- français
- English
Meeting Notes 2015.03.31
Source: https://docs.google.com/document/d/1IpDkgh6jWatBSOo6Dh3cAhQmjASCQjw0-bxHgWpQ_38/edit?usp=sharing
I. Progress done this week:
1. Hypercube equal-size partitioning (inspired from Zhang paper):
+ Details: https://wiki.epfl.ch/bigdata2015-hypercubejoins/hcp-equal-size
+ Runtime: < 5ms with 8 relations and 1000 machines
2. Squal integration:
+ Select for tuples is partially ready only index part is left
+ Join - waiting for applying predicate
...
II. Discussions in the meeting:
0. Squall codebase: is being changed (rename, refactor, …)
1. Hypercube partition document:
-
Full names of classes
-
flag for usage and parameters
-
mechanism
-
refer to full document, url, terminology
-
what is brute-force implementation, what is equal-size implementation
-
report: methods, performance (maximum 30sec)
2. Storm integration:
-
aligned interface with hypercube partitioning
-
depends on predicate, local index/join
-
should try the naive implementation of multiway join (e.g. Nested Loop Join, because data is streamed)

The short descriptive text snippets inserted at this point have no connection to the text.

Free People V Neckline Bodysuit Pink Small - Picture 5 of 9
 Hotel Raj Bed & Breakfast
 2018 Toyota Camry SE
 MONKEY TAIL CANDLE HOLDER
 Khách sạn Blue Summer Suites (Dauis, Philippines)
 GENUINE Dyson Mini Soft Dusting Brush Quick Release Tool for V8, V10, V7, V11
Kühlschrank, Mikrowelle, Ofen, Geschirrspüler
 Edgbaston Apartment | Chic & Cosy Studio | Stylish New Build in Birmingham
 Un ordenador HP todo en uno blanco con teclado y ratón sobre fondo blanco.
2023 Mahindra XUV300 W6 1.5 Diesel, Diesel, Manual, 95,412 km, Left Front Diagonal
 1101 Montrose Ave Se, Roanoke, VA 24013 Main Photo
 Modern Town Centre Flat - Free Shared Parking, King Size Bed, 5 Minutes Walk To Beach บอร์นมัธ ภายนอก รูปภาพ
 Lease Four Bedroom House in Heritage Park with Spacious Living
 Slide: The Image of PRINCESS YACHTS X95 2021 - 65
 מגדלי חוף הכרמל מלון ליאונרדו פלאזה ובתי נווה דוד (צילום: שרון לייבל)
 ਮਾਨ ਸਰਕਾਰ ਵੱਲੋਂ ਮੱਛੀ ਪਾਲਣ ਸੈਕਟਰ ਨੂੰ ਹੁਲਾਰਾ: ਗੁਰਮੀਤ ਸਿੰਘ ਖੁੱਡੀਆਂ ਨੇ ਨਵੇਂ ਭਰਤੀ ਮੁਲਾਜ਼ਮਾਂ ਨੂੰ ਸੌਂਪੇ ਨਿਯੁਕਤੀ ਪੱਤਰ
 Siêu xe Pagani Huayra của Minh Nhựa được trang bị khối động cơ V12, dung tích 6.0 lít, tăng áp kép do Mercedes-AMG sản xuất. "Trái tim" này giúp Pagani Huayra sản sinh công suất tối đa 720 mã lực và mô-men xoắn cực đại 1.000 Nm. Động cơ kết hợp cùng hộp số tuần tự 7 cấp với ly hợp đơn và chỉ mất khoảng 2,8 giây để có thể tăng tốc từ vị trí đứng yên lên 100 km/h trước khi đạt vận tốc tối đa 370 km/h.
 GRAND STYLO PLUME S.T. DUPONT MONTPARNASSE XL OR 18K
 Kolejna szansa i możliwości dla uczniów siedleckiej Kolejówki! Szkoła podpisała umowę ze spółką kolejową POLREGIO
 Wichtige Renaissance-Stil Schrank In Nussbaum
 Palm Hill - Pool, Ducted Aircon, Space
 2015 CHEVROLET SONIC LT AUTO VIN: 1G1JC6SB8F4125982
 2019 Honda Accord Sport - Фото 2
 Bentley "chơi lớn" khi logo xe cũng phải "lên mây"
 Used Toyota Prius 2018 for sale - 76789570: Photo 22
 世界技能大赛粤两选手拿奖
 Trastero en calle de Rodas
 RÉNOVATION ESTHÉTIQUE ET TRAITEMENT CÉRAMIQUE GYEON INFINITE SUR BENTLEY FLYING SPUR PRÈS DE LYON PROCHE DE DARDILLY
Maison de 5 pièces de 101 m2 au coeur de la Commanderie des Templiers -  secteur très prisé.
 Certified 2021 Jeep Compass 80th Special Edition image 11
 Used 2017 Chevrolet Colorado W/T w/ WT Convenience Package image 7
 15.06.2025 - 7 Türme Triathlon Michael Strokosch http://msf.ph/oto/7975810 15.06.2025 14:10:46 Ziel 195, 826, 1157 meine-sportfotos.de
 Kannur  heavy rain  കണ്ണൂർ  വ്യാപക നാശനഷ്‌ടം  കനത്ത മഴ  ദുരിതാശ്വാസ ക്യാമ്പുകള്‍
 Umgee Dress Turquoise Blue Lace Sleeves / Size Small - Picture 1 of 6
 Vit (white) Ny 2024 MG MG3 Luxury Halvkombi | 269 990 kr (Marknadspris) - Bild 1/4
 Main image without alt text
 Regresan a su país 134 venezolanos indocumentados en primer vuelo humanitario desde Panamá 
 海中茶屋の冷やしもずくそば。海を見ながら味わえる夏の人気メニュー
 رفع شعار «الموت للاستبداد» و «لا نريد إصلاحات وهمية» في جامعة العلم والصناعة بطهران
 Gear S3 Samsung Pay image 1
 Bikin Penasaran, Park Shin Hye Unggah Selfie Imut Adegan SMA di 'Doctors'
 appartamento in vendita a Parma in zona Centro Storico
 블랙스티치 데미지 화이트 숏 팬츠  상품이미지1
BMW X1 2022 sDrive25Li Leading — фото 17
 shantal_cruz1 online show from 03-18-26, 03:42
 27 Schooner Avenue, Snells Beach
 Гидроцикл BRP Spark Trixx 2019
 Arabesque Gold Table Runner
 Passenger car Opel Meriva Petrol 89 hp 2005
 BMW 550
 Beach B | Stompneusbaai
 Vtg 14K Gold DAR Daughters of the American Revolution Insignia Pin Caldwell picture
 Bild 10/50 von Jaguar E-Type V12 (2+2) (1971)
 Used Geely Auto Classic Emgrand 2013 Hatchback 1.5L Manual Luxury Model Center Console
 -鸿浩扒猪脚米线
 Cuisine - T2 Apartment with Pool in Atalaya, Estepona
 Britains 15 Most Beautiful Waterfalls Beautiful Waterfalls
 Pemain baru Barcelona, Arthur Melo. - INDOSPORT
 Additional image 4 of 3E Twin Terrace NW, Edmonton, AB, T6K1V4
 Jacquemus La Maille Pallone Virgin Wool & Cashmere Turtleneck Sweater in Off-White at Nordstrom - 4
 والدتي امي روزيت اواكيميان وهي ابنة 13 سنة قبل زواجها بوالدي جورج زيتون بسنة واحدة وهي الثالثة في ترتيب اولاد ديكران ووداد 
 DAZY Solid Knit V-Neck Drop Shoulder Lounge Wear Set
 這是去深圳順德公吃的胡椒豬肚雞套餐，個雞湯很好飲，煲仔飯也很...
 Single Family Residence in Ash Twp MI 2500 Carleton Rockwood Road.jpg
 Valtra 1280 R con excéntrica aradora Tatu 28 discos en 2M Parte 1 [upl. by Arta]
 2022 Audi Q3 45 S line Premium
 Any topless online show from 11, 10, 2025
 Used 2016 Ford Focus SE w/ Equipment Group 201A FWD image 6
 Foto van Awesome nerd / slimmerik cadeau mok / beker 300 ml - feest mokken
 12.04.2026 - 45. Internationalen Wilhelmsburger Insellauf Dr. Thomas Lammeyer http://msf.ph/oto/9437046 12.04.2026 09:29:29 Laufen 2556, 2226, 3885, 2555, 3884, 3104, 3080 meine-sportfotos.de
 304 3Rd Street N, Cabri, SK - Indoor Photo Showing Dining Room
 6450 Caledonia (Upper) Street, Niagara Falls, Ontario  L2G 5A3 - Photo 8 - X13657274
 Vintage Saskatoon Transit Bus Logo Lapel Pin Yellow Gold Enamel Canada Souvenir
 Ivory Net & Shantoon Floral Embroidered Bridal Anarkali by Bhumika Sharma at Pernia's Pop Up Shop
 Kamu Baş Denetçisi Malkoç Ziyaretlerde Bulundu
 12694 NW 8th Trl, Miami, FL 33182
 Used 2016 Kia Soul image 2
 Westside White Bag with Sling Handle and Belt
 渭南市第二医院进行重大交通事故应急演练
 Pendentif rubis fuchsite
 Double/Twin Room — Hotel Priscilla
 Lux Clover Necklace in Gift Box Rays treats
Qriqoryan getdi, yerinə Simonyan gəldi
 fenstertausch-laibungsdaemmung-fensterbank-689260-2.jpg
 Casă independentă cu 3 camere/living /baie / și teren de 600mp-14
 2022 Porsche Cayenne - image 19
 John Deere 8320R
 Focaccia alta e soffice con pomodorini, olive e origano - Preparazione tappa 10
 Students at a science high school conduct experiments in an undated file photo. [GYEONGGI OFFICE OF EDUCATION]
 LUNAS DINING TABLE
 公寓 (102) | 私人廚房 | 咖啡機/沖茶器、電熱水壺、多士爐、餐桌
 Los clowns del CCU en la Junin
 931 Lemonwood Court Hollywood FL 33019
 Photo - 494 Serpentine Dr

3. Deployment of squall on Microsoft Azure:
-
jar files
-
beware of squall local path, local rules
-
storm submitter
-
how to use resources, multi-machines, multi-users
-
check whether Azure limits 1 acc / 1 person (e.g. cannot use resources from multi-machines)
4. Nested query (TPCH):
-
Example:
SELECT A FROM R
WHERE R.A = SUM (S.B)
-
query executor should not care about query optimizer, i.e. do not try to optimize the received query
-
Problem 1: semantics. When a new tuple from S arrives, sum (S.B) is updated → must revoke the output tuples as sent before. Might also affect index
-
Problem 2: parallelization. Must communicate with working machines (no independence and communication cost increases). Affects partitioning results
-
Possible solutions:
-
local storage and send by batch (e.g batch size = 100 tuples)
-
communicate the PARTIAL aggregation result to machines
-
re-partition
-
query plan will specify the communication before-hand
III. Plan for next week:
0) Hypercube partitioning code: documentation and beautify
1) Azure: deployment try
2) Local join (without index): going on with Storm integration with naive implementation
3) Khue: SquallToaster
4) Nested query discussion & preparation for experiments